=== Extracted data ===
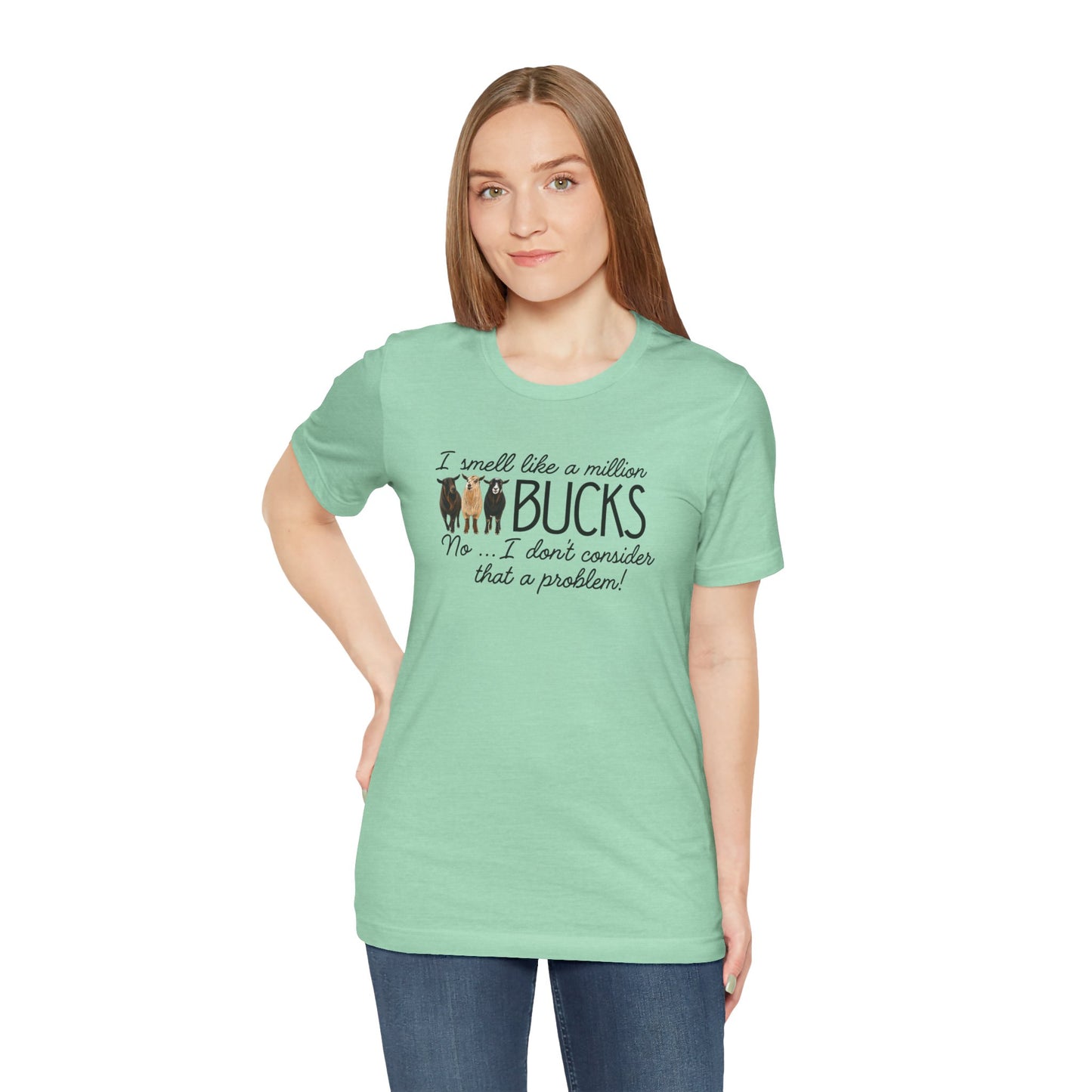 Unisex Jersey Short Sleeve Tee - "A million bucks"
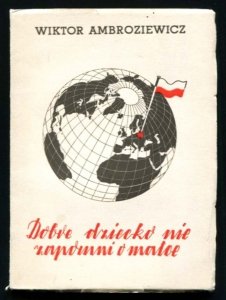 Ambroziewicz Wiktor - Dobre dziecko nie zapomni o matce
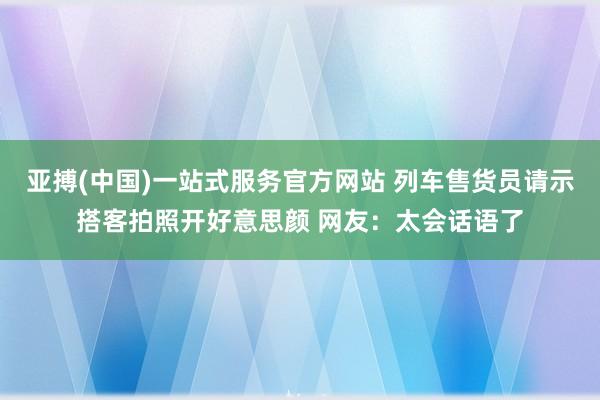 亚搏(中国)一站式服务官方网站 列车售货员请示搭客拍照开好意思颜 网友：太会话语了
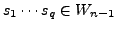 $s_1\cdots s_q\in W_{n-1}$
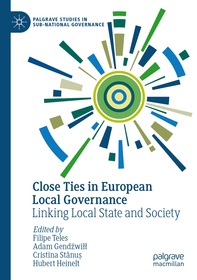 Close Ties in European Local Governance: Linking Local State and Society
===
- Try it:
Give back the data verbatim. The pictures are not part of the copy.

- Result for this task:
 Unisex Jersey Short Sleeve Tee - "A million bucks"
 Ambroziewicz Wiktor - Dobre dziecko nie zapomni o matce
 亚搏(中国)一站式服务官方网站 列车售货员请示搭客拍照开好意思颜 网友：太会话语了
 $s_1\cdots s_q\in W_{n-1}$
 Close Ties in European Local Governance: Linking Local State and Society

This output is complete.